Die Verlobungsfeierlichkeit hatte Therese sehr angegriffen. Nach kurzem, unruhigem Schlaf war sie mit heftigem Husten und leichtem Schüttelfrost erwacht.

Frau Caroline war sehr besorgt.

Therese wollte durchaus aufstehen, da die Tante sonst den Tag über allein im Geschäft sein würde, denn das neue Fräulein sollte erst am andern Tage zugehen. Aber die Tante litt nicht, daß Therese das Bett verließ. Wenigstens wollte sie vorher mit dem Arzt sprechen.
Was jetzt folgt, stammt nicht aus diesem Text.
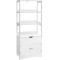 VASAGLE Dulap inalt baie cu 3 rafturi, 1 sertar si 1 dulap, din MDF, 60x33x154 cm, alb Household NewTrend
Ein Kind aus der Nachbarschaft übernahm gern, für zwanzig Pfennig Botenlohn, diesen zu holen. Er kam und konstatierte eine Lungenentzündung. Therese müsse unter allen Umständen im Bett bleiben. Warum man nicht schon früher geschickt hätte. Auch dürfe die Kranke auf keinen Fall in dem dunklen feuchten Hinterzimmer bleiben. Er nahm die übrigen Räume in Augenschein und ordnete die Umbettung ins beste Zimmer an.

Frau Caroline war untröstlich und quälte Therese mit lautem Lamentieren.

Die gutmütige Frau scheute kein Opfer, aber es war ihre Art, alle Dinge zu vergrößern und über kleine Unbequemlichkeiten tagelang zu jammern.

»Was fang ich an. Wie sollen wir die Möbel umsetzen? Ich kann das nicht. Ich kann den schweren Schrank nicht tragen.«

Therese beruhigte sie, daß man Hilfe finden würde, niemand mute ihr zu, den schweren Schrank eigenhändig ins andere Zimmer zu tragen.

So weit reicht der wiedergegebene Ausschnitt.